Good God. She had kissed Braden Granville. She had
kissed Braden Granville.

Not just Braden Granville, either, though that was quite bad enough. No, she had kissed another man, a man to whom she was not even engaged.

Never mind that barely a week earlier, she herself had stood and watched her fiancé do a good deal more than simply kiss another woman. This wasn’t, she told herself, about Hurst. Well, except in a roundabout way. This was about her. This was about her and a man with whom she had made a bargain.

A bargain which had very expressly included a notouching clause.

She hadn’t the slightest idea what compelled her to do what she did next. She only knew that one minute, she was standing on Bond Street, and the next, she’d asked Violet to wait a moment, and was stalking back toward the great black door.

She did not bother ringing the bell. She laid a hand upon the latch and shoved, and the great portal swung neatly open. She did not pay the slightest bit of attention to the questioning looks she received from Braden Granville’s many employees. She paid no heed to the little man who asked if she had forgotten something. She merely stalked toward the door through which a few seconds ago she’d exited, and threw her weight against it.

Braden Granville turned from the window where he’d been standing alone, his hands stuffed into his trouser pockets.

“Lady Caroline,” Braden Granville said, in tones of great surprise. “Have you forgotten something?”

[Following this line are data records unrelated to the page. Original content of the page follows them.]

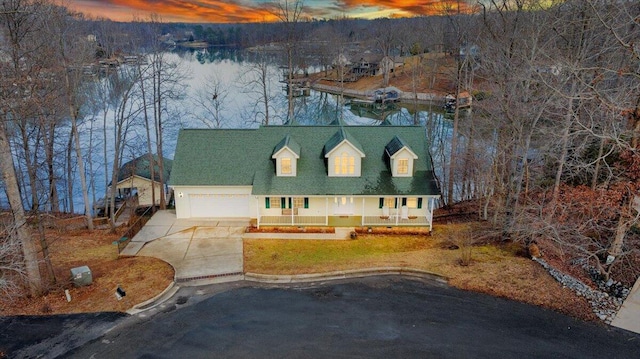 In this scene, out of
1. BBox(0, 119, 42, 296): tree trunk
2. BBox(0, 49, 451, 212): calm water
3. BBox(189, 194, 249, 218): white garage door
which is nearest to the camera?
BBox(0, 119, 42, 296): tree trunk

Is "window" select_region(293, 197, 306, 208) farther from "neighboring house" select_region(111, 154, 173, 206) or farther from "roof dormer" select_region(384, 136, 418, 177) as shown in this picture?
"neighboring house" select_region(111, 154, 173, 206)

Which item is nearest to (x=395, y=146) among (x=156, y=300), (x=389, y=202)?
(x=389, y=202)

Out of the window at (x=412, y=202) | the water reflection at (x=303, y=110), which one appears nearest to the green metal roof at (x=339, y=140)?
the window at (x=412, y=202)

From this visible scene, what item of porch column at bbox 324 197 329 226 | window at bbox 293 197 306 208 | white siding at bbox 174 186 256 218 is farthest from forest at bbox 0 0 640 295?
window at bbox 293 197 306 208

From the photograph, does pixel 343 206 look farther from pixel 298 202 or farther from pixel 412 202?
pixel 412 202

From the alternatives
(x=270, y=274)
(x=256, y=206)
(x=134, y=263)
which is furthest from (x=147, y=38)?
(x=270, y=274)

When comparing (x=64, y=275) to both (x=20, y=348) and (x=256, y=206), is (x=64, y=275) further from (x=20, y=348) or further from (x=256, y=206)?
(x=256, y=206) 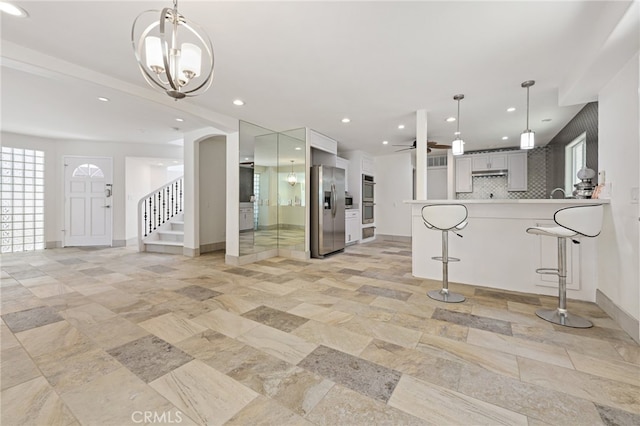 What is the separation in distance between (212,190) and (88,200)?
11.1 ft

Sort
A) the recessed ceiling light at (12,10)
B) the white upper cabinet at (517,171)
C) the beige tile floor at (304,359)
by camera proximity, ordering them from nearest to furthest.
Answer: the beige tile floor at (304,359)
the recessed ceiling light at (12,10)
the white upper cabinet at (517,171)

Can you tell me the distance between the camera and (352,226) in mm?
6793

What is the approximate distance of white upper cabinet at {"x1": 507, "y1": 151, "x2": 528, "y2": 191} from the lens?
656cm

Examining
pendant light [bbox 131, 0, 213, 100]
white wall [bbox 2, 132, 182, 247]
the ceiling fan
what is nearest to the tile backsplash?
the ceiling fan

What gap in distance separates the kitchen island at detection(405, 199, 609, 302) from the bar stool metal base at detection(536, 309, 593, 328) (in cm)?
71

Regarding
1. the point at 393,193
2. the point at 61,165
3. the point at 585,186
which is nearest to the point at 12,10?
the point at 585,186

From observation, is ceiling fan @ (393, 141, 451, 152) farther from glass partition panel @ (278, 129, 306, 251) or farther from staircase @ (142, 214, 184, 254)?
staircase @ (142, 214, 184, 254)

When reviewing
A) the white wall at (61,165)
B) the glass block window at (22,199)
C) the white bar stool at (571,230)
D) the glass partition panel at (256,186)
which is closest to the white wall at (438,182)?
the glass partition panel at (256,186)

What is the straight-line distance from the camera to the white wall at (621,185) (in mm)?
2229

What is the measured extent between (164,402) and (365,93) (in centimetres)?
370

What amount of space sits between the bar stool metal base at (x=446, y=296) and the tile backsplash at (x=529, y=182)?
5070 mm

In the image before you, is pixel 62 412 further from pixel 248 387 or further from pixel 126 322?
pixel 126 322

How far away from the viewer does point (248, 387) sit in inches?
61.2

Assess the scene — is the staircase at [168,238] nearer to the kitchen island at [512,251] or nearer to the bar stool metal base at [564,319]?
the kitchen island at [512,251]
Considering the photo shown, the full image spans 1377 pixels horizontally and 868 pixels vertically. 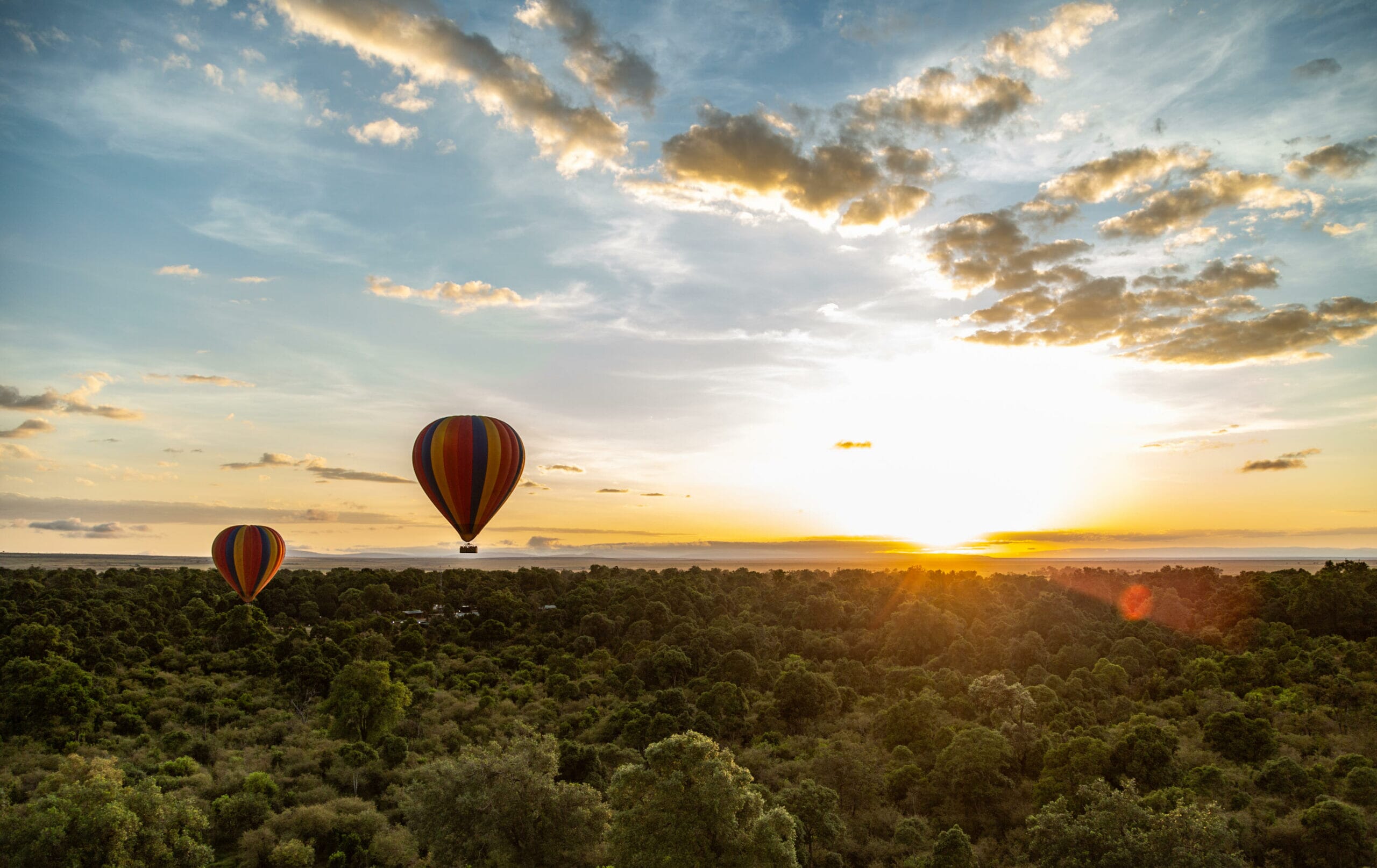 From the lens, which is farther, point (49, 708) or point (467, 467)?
point (49, 708)

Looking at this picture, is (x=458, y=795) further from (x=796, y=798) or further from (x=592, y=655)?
(x=592, y=655)

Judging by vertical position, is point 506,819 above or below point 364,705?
above

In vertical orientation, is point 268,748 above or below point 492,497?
below

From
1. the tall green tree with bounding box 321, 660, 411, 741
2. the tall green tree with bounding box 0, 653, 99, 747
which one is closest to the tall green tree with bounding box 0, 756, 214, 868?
the tall green tree with bounding box 321, 660, 411, 741

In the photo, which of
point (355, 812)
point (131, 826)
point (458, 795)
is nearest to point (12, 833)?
point (131, 826)

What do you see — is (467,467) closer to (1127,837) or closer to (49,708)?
(1127,837)

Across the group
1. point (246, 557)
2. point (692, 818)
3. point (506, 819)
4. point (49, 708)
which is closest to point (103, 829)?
point (506, 819) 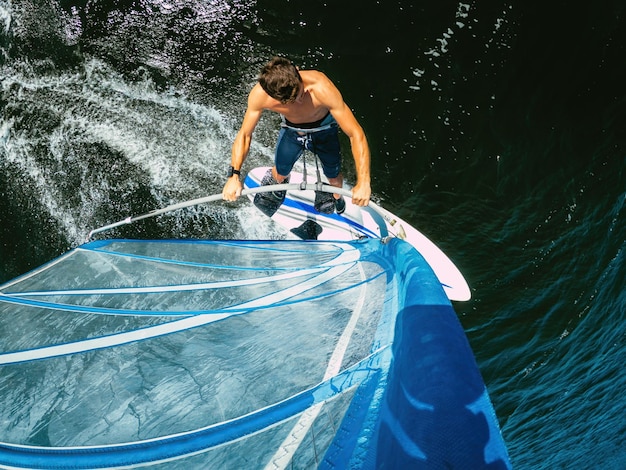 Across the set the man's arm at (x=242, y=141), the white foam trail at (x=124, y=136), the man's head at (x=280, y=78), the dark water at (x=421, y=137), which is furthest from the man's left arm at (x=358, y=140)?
the white foam trail at (x=124, y=136)

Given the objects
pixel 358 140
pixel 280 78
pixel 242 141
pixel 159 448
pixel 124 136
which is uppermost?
pixel 280 78

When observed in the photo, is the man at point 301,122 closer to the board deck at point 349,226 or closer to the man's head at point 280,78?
the man's head at point 280,78

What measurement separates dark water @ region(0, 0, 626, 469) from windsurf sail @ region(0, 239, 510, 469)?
2012mm

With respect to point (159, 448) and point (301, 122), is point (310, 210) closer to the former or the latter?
point (301, 122)

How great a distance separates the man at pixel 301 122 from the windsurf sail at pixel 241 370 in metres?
0.73

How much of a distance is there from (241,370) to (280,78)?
6.34ft

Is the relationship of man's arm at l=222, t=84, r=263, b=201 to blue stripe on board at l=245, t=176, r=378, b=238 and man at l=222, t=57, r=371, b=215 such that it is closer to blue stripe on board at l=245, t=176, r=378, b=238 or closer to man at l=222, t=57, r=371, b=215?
man at l=222, t=57, r=371, b=215

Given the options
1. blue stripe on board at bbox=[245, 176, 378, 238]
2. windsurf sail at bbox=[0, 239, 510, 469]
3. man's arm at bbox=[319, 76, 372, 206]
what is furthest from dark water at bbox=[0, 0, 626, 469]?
windsurf sail at bbox=[0, 239, 510, 469]

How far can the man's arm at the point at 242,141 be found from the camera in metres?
3.58

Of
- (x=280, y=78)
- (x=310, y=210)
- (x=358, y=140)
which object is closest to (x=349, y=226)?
(x=310, y=210)

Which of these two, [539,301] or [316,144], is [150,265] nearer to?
[316,144]

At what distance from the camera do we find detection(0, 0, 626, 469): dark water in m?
4.61

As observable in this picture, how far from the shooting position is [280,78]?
3066 millimetres

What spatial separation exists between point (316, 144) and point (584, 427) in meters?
5.78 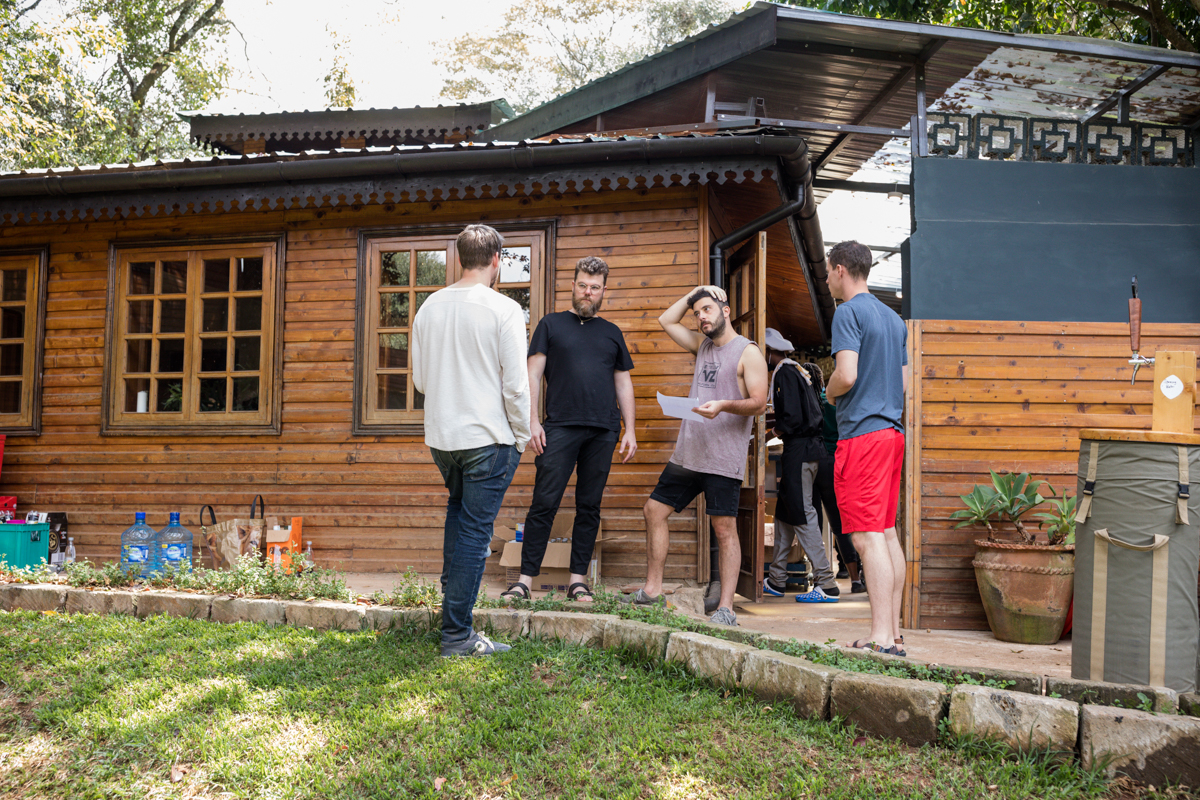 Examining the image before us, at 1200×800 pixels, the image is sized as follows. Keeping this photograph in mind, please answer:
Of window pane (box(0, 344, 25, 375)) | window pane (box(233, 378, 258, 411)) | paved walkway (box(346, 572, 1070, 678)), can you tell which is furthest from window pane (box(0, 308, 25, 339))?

“Indeed I have,” Caroline said.

She strode up to him, brought her right arm back, and struck him across the face a good deal harder than she had ever swung a badminton racket.

The resulting sound of her skin smacking against his was quite loud, and extremely satisfying. And when she brought her arm down again, Caroline had the further satisfaction of seeing an imprint of her hand, starkly white, against his cheek. An instant later, the white mark filled with hot color.

She said, “Consider that
your
first lesson in lovemaking, Mr. Granville.”

Then she turned and stalked from the room again.